Records contained in a dataset:
* * * * * * *
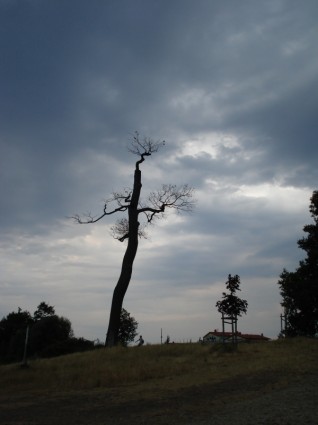 nuvole albero meteo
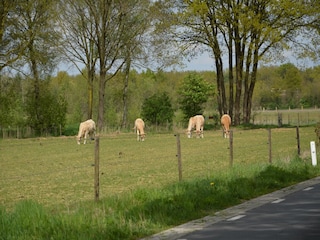 Ferienhaus Stramproy Umgebung 30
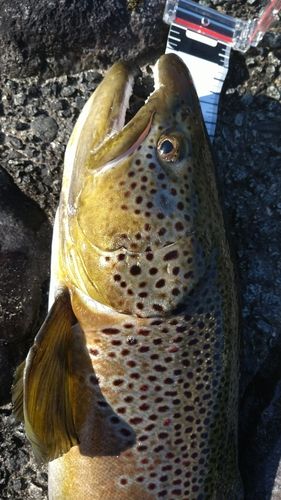 ブラウントラウト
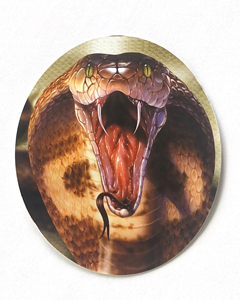 Orm - 80mm runt klistermärke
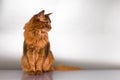 Somali cat portrait Royalty Free Stock Photo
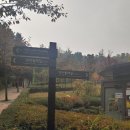 마장천 | 시장따라소소한걷기 7코스..후기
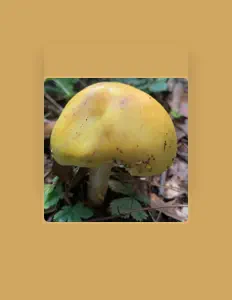 GLDNSCTN Laboratories सुनें, म्यूज़िक वीडियो देखें, बायो पढ़ें, दौरे की तारीखें और बहुत कुछ देखें!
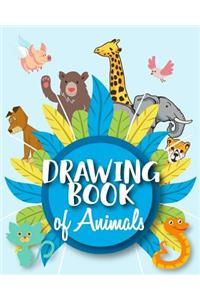 Drawing Book Of Animals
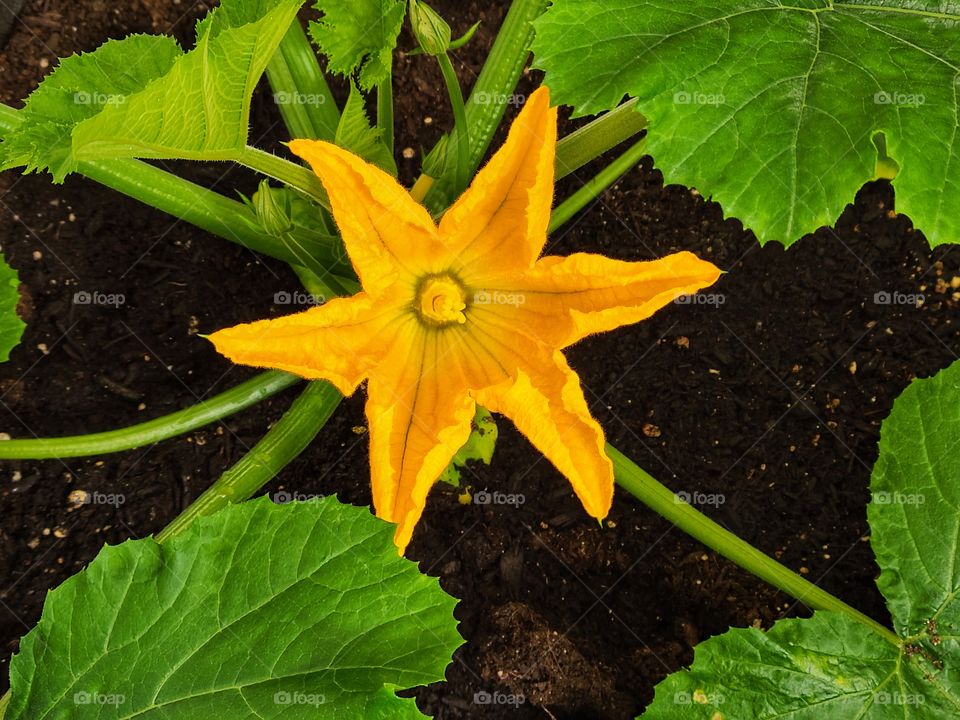 Beautiful yellow zucchini flowers in full bloom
* * * * * * *
Copy the final portion of the records: every line from the one containing "마장천 | 시장따라소소한걷기 7코스..후기" through the last, word for word, without pictures.

 마장천 | 시장따라소소한걷기 7코스..후기
 GLDNSCTN Laboratories सुनें, म्यूज़िक वीडियो देखें, बायो पढ़ें, दौरे की तारीखें और बहुत कुछ देखें!
 Drawing Book Of Animals
 Beautiful yellow zucchini flowers in full bloom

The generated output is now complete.